■ ASSIGNMENT
Reproduce the full listing below unchanged, apart from the pictures.

■ GIVEN MATERIAL
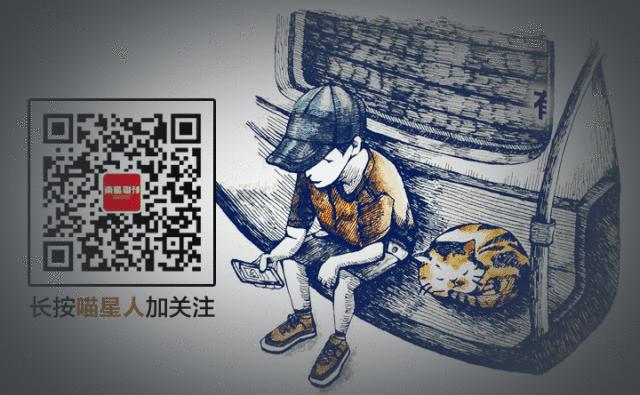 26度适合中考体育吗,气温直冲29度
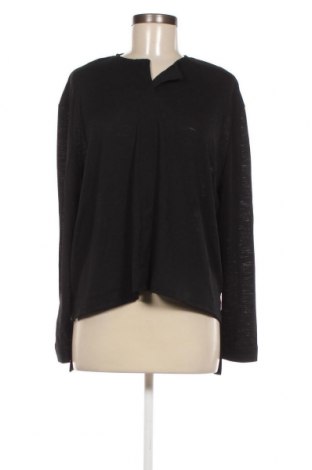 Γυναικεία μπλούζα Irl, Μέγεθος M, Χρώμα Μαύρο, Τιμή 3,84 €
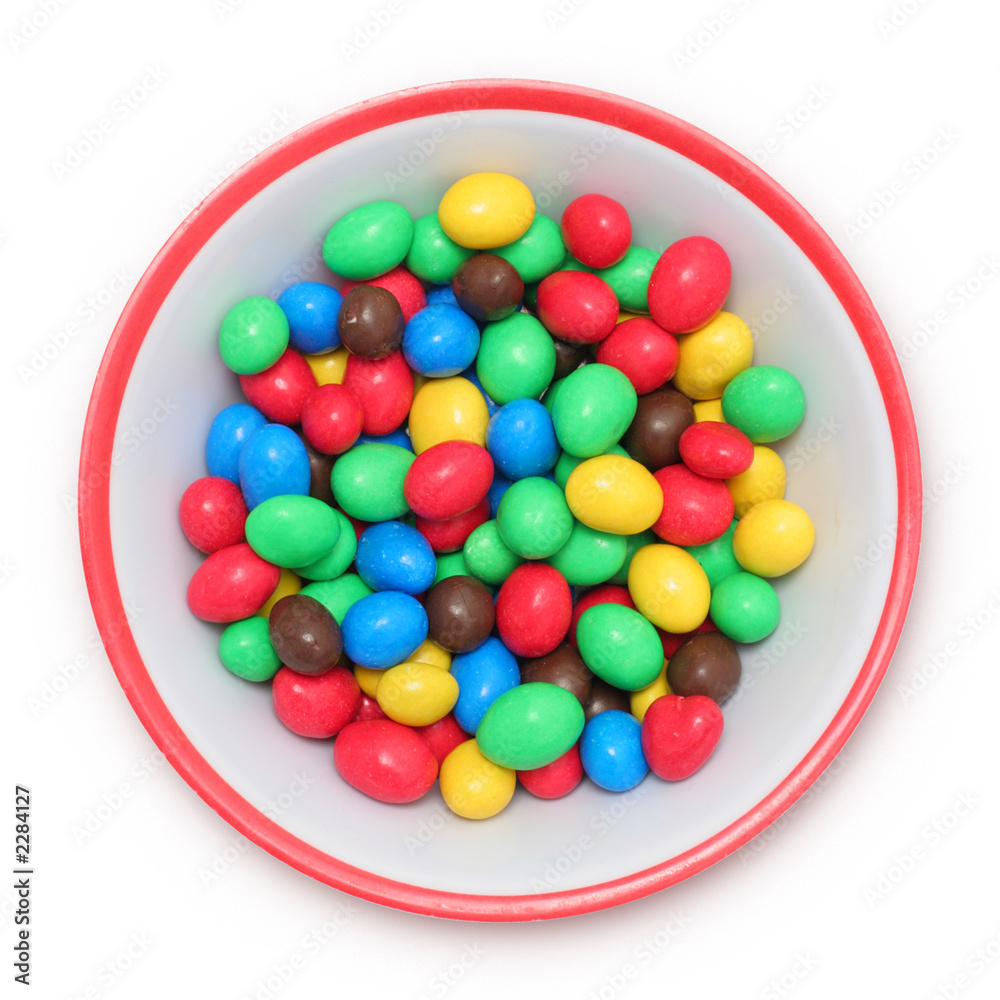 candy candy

■ REPLY
 26度适合中考体育吗,气温直冲29度
 Γυναικεία μπλούζα Irl, Μέγεθος M, Χρώμα Μαύρο, Τιμή 3,84 €
 candy candy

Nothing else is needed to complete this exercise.